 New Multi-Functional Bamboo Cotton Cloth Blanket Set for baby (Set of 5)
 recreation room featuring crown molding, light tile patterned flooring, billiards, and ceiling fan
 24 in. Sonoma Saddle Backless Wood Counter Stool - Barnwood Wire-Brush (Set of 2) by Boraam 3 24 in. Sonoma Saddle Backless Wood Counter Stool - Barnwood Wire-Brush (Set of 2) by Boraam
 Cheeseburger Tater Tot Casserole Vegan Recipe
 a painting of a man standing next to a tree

--

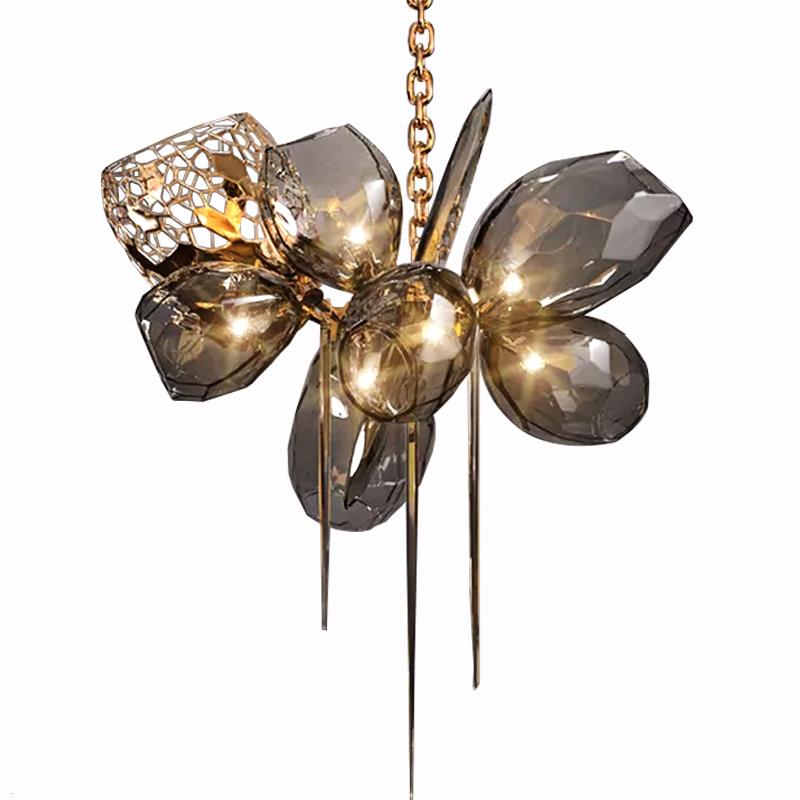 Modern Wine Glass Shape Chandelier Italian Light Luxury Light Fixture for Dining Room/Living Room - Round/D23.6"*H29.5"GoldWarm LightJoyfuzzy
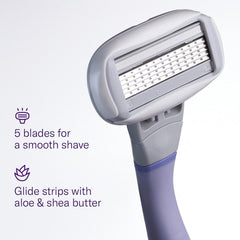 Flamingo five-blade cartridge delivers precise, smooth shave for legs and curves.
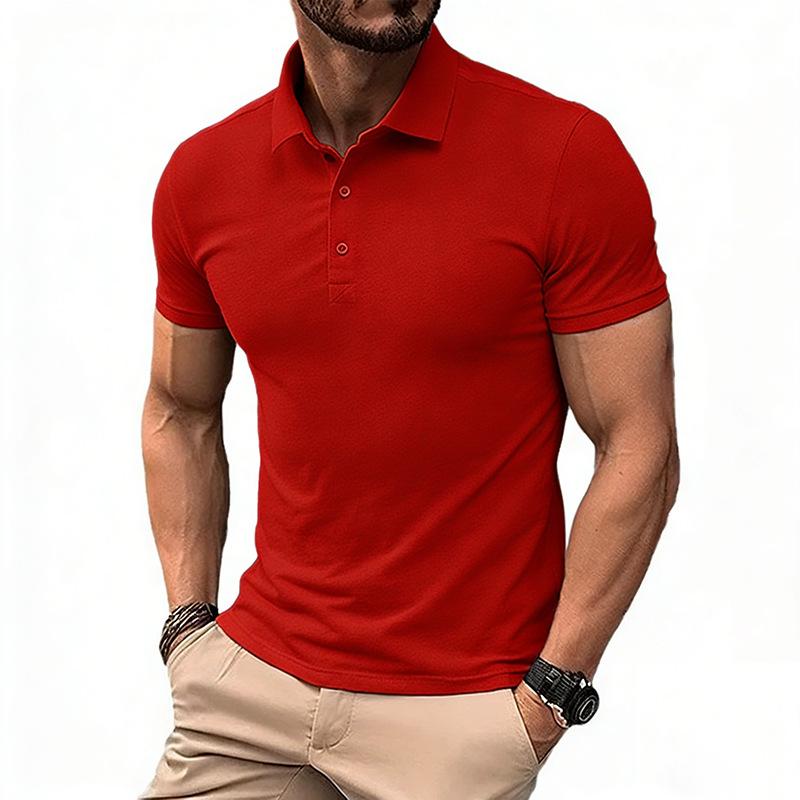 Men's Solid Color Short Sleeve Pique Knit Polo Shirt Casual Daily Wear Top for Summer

* * *

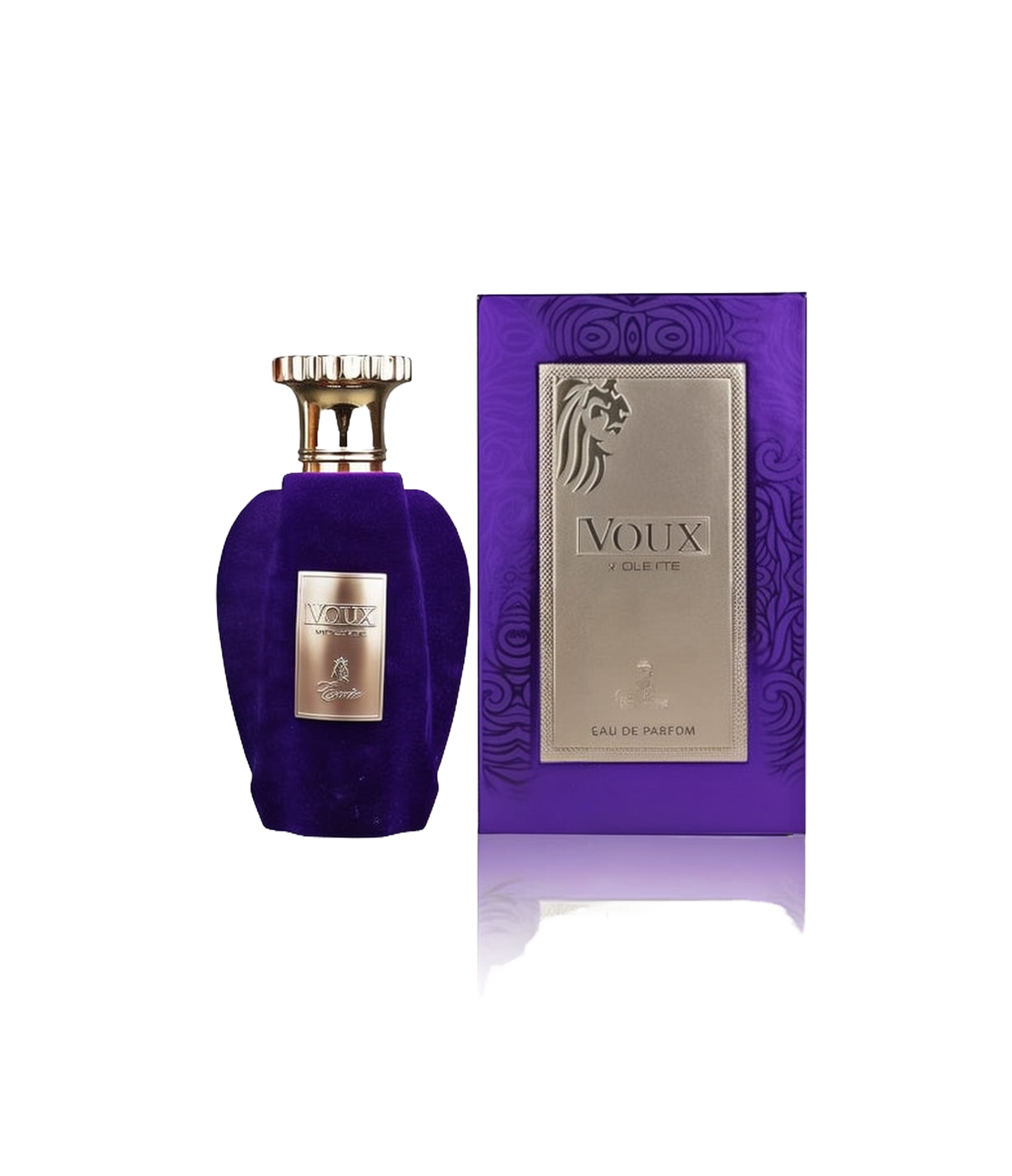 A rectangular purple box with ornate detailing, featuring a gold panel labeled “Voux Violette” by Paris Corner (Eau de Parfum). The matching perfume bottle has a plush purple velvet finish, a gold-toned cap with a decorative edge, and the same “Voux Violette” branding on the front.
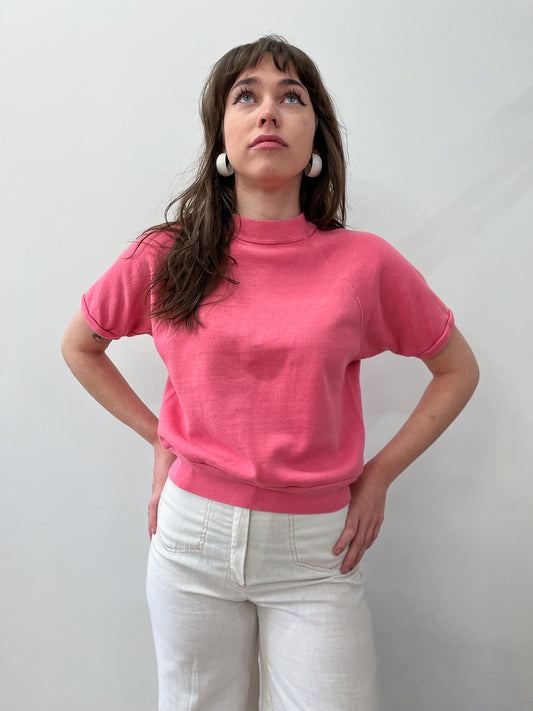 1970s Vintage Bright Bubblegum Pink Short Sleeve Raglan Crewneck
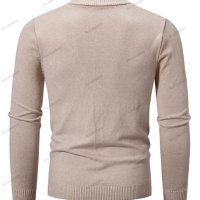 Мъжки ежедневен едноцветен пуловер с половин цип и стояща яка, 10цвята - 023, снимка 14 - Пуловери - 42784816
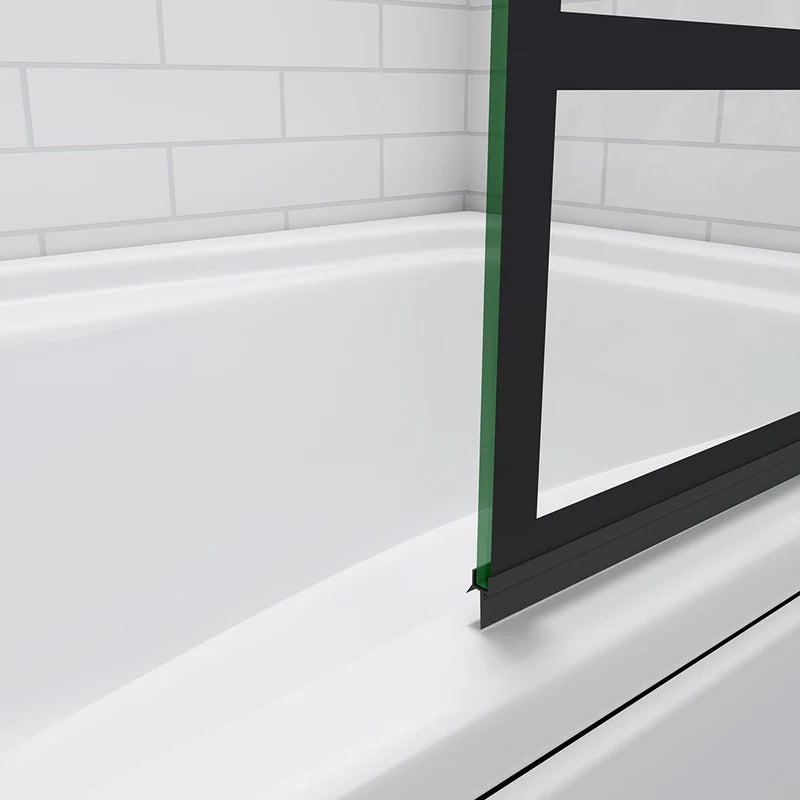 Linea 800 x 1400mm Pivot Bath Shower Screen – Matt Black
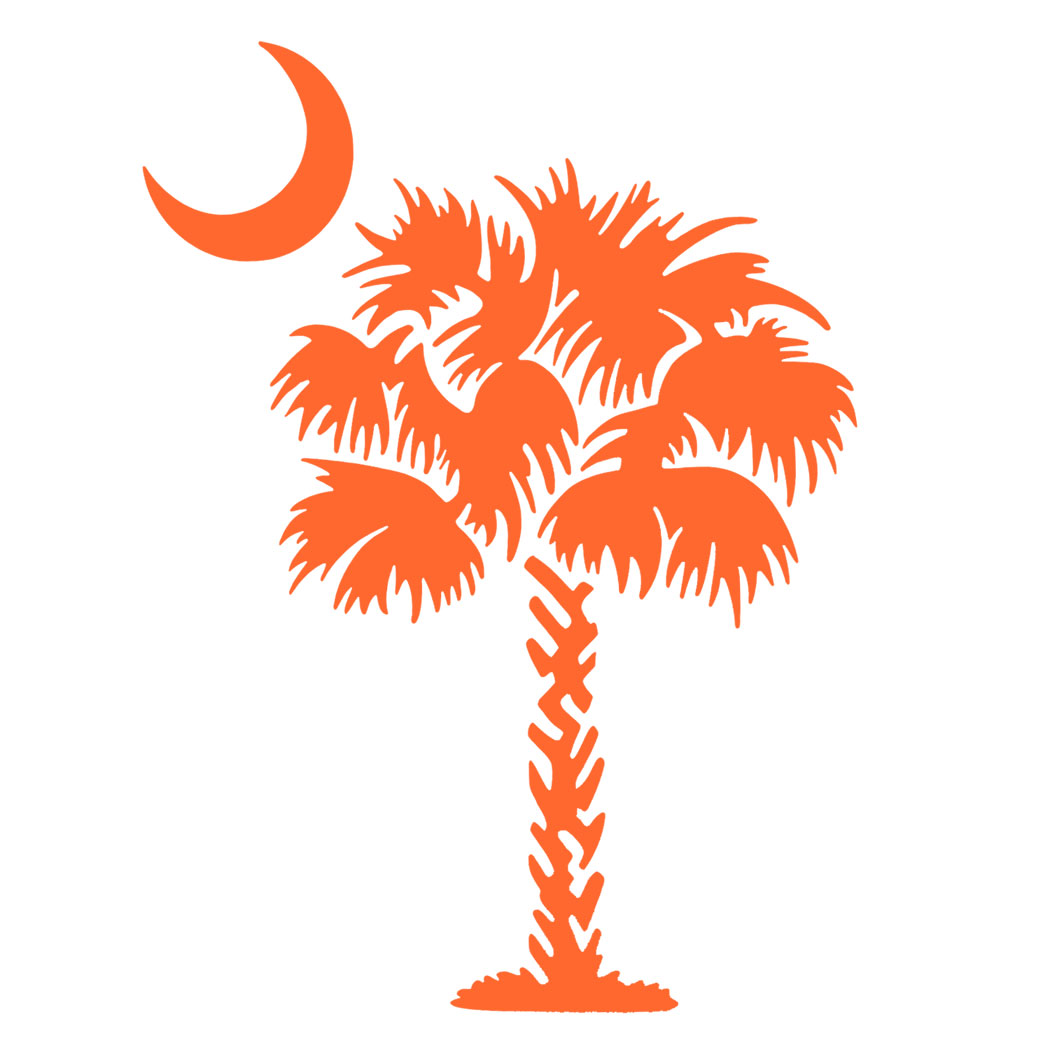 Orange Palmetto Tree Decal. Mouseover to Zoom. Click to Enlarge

Your instructions: Of the records above, print only the lines from the one containing "Modern Wine Glass" through the one containing "Men's Solid Color", inclusive and unaltered, leaving out pictures.

Reply to the task:
 Modern Wine Glass Shape Chandelier Italian Light Luxury Light Fixture for Dining Room/Living Room - Round/D23.6"*H29.5"GoldWarm LightJoyfuzzy
 Flamingo five-blade cartridge delivers precise, smooth shave for legs and curves.
 Men's Solid Color Short Sleeve Pique Knit Polo Shirt Casual Daily Wear Top for Summer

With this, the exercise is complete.